如何为具有两个参数的类型创建仿函数实例，其中两个参数必须为同一类型？

Question

我几乎可以为Pair类型创建有效的仿函数实例。 问题是，Pair接受两个相同类型的参数，所以当我写

fmap f (Pair a a') = Pair a (f a')

我不能保证结果是有效的对，因为（f a'）可以是任何类型。

确保此约束的Haskell方法是什么？

import Test.QuickCheck
import Test.QuickCheck.Function

data Pair a = Pair a a deriving (Eq, Show)

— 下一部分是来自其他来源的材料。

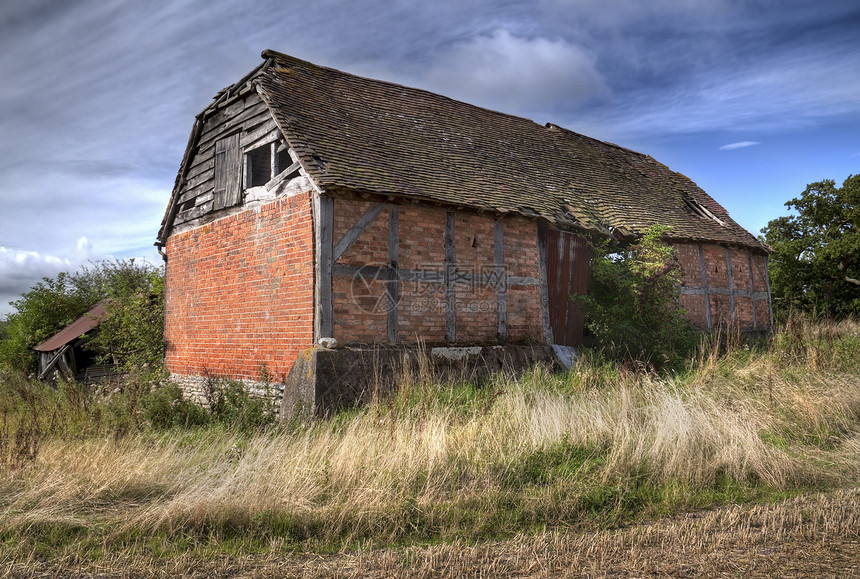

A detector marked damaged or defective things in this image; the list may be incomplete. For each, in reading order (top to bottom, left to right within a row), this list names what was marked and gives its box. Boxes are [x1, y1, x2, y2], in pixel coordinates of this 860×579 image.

rusty metal door [544, 229, 592, 346]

instance Functor Pair where
  fmap f (Pair a a') = Pair a (f a')

-- stuff below just related to quickchecking that functor instance is valid
main = quickCheck (functorCompose' :: PFC)

type P2P = Fun Int Int

type PFC = (Pair Int) -> P2P -> P2P -> Bool

instance (Arbitrary a) => Arbitrary (Pair a) where
  arbitrary = do
    a <- arbitrary
    b <- arbitrary
    return (Pair a b)

functorIdentity :: (Functor f, Eq (f a)) => f a -> Bool
functorIdentity f = fmap id f == f

functorCompose :: (Eq (f c), Functor f) => (a -> b) -> (b -> c) -> f a -> Bool
functorCompose f g x = (fmap g (fmap f x)) == (fmap (g . f) x)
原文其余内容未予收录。